The line containing "Unisex Carhartt Tall Pocket Tee" marks where copying starts, so set down that line and each one after it exactly, through the end of the records.

SUPPLIED ENTRIES:
***

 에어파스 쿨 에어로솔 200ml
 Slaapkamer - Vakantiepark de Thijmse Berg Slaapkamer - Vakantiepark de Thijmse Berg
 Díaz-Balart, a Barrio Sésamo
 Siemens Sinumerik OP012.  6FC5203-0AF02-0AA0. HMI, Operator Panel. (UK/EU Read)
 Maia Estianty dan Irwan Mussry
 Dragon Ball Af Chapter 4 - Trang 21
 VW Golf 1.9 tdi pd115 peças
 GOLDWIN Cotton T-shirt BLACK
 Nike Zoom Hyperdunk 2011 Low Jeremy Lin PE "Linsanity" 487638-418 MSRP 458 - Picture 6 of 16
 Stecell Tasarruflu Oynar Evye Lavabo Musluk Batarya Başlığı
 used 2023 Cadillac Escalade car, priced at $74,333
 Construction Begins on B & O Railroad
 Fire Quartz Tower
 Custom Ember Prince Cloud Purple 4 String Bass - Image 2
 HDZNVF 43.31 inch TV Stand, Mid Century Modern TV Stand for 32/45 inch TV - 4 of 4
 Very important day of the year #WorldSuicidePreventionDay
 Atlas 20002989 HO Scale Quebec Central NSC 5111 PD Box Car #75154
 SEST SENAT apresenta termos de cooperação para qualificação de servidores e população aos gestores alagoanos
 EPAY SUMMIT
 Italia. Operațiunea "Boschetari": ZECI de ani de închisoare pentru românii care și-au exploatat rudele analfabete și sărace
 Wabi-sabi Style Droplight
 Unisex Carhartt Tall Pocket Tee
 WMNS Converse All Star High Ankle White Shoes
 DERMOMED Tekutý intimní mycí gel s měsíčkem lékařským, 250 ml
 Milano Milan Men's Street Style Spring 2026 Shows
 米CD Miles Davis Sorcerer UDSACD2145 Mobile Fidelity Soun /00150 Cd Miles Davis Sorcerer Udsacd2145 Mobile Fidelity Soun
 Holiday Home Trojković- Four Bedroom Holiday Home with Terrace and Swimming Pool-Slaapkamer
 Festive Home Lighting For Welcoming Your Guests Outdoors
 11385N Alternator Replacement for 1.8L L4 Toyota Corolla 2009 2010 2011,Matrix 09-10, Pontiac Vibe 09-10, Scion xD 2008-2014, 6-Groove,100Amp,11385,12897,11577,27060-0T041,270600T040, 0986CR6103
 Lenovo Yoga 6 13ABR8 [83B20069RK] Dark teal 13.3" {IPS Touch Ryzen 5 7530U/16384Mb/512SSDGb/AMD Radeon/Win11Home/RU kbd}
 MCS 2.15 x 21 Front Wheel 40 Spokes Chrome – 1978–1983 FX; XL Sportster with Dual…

***

EXERCISE ANSWER:
 Unisex Carhartt Tall Pocket Tee
 WMNS Converse All Star High Ankle White Shoes
 DERMOMED Tekutý intimní mycí gel s měsíčkem lékařským, 250 ml
 Milano Milan Men's Street Style Spring 2026 Shows
 米CD Miles Davis Sorcerer UDSACD2145 Mobile Fidelity Soun /00150 Cd Miles Davis Sorcerer Udsacd2145 Mobile Fidelity Soun
 Holiday Home Trojković- Four Bedroom Holiday Home with Terrace and Swimming Pool-Slaapkamer
 Festive Home Lighting For Welcoming Your Guests Outdoors
 11385N Alternator Replacement for 1.8L L4 Toyota Corolla 2009 2010 2011,Matrix 09-10, Pontiac Vibe 09-10, Scion xD 2008-2014, 6-Groove,100Amp,11385,12897,11577,27060-0T041,270600T040, 0986CR6103
 Lenovo Yoga 6 13ABR8 [83B20069RK] Dark teal 13.3" {IPS Touch Ryzen 5 7530U/16384Mb/512SSDGb/AMD Radeon/Win11Home/RU kbd}
 MCS 2.15 x 21 Front Wheel 40 Spokes Chrome – 1978–1983 FX; XL Sportster with Dual…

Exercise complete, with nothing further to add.